# Derivative of multivariable function

I'm trying to use Derivative to differentiate a multivariable function and evaluate it at a value to be determined later. I am able to do it for a function of 1 variable, but not a function of 2 variables.

Here is an example:

Clear[fun1, dfun1, fun2, dfun2]
fun1[a_Integer, x_] := a*x^2
dfun1[a_Integer, x_] = Derivative[0, 1][fun1][a, x]
fun2[x_] := fun1[5, x]
dfun2[x_] = Derivative[1][fun2][x]
{fun1[a, x], dfun1[a, x], fun2[x], dfun2[x]} /. {a -> 5, x -> 1/2}


The corresponding output is

{5/4, ($\text{fun1}^{(0,1)})$[5,1/2], 5/4, 5}

The problem is the second element, which should be 5.

What am I missing here?

Another method is to wrap the Derivative in an Assuming.

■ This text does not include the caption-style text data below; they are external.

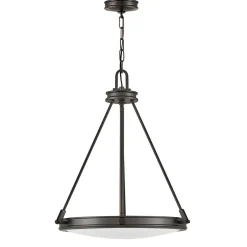 Mid-Century Retro Pendant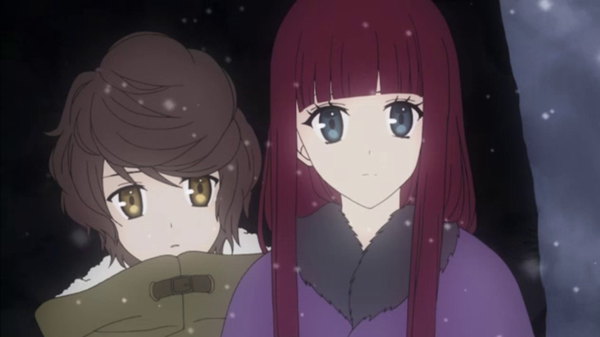 Shinsekai yori Episode 14 info and links where to watch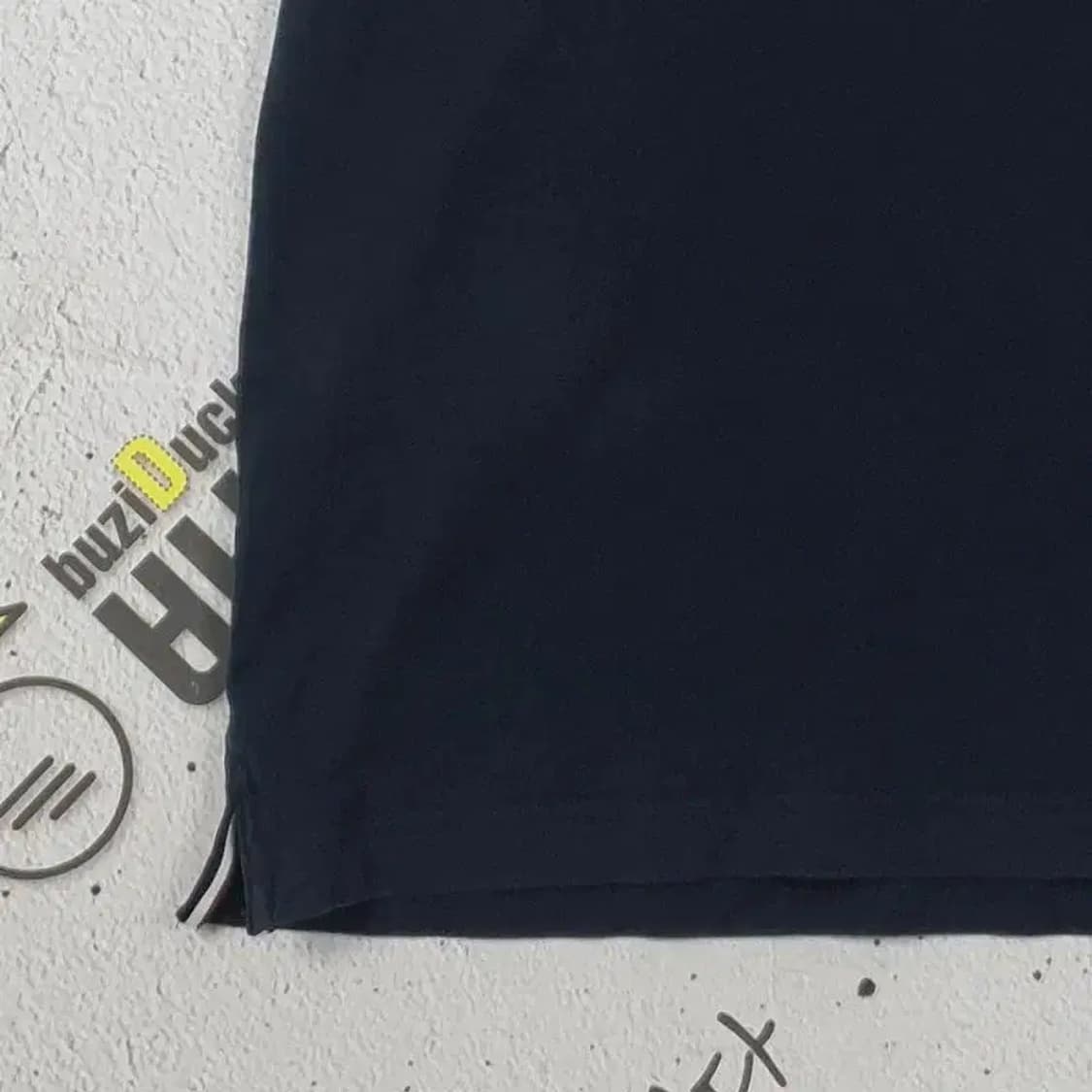 타미힐피거 TOMMY 반팔 카라티 네이비 L 1000426 상품이미지4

fun1[a_Integer, x_] := a*x^2


Apply the assumption that a belongs to the set of Integers.

Assuming[a ∈ Integers, Derivative[0, 1][fun1][a, x]]

(* 2 a x *)


The _Integer pattern is preventing Mathematica from figuring out the derivative. Use either:

fun1[a_, x_] := a x^2


or:

dfun1 = Derivative[0,1][fun1] = 2 #1 #2&